At any rate, the exact ending is not that important in a book whose ending is ordained from the first, nor does it destroy the value of the understanding throughout the book of the great difficulty present in trying to do right and establish justice in the world. And the series is certainly not pessimistic. The title of the last book sums it up--public justice is like a candle in the wind. Always it is in danger of being snuffed out--and yet, there it is. Worthy of protection. Beautiful in its very fragility.

4 comments:

the Joneses said...

Did you ever read Steinbeck's retelling of the Arthur story? I've never read a Steinbeck I like, and this was no exception.

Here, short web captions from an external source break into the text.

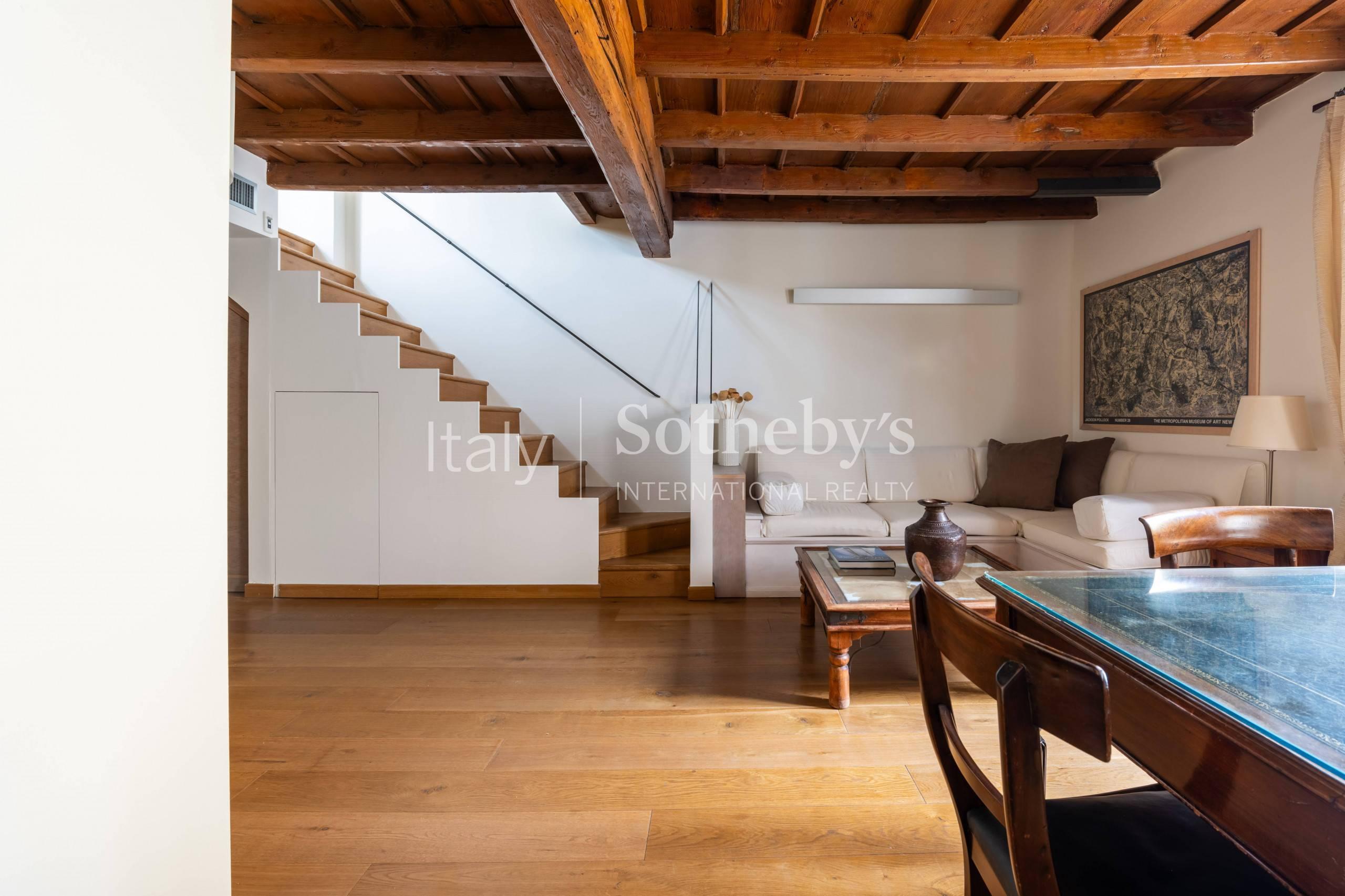 Refined penthouse on two levels in the heart of Brera district - 4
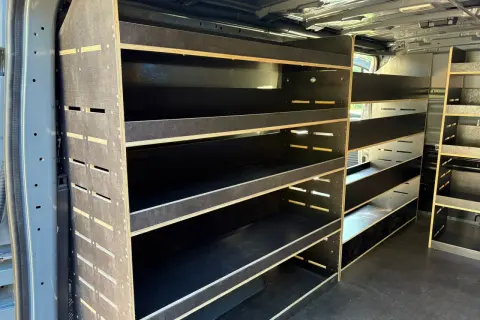 Regał do busa DIY: Zbuduj mobilny warsztat krok po kroku!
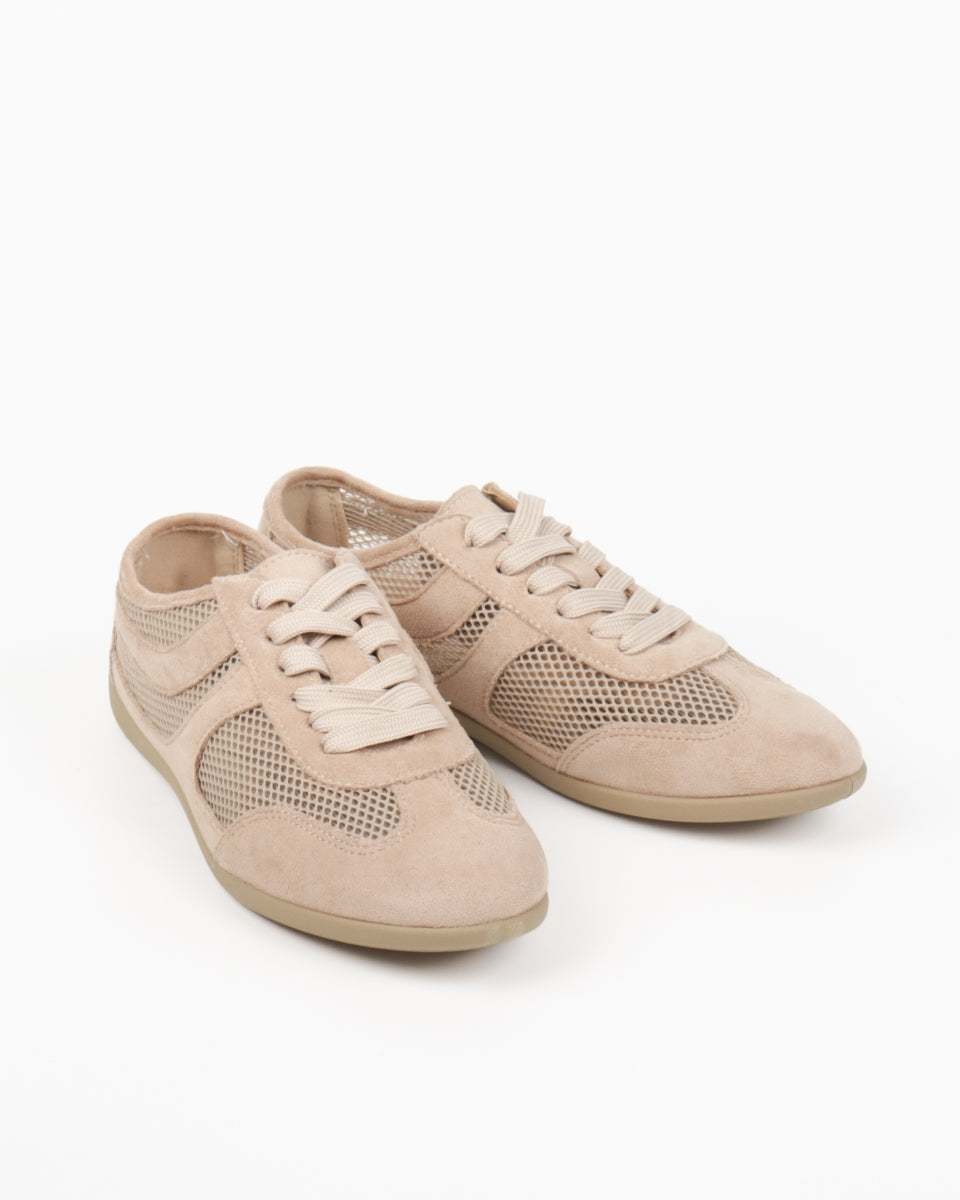 Lightweight Mesh Sneakers - Beige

My favorite version is still Stephen Lawhead (the first three; after that, it seems like he was just cashing in).

--DJ

Dana said...

What is the Steinbeck version of Arthur? I've read only East of Eden and LOVED it but I tend to like the "depressing" books that the Bookfest crowd doesn't care for. :-) It's been too long since I read the Once and Future King so I can't respond to this level of analysis...

Oh, QOC, I've been reading often and commented a few times but realized that you may not remember me although we have met and have some close mutual friends... I'm an OBCL drop-out of 98B.

the Joneses said...

It's called something like "King Arthur and His Knights."

I should have known you like Steinbeck :)

--DJ

Headmistress, zookeeper said...

You got it, you got it!! I love this story, not because of the Arthurian parts, because you're right, this isn't really about Arthur. King Arthur et al are the vehicle used to muse about the Rule of Law and government and self-discipline and cool stuff like that. I get so frustrated when people complain about this book because the King Arthur story isn't right.

I do think the author was that confused- he was writing in a world enamoured with the League of Nations/United Nations.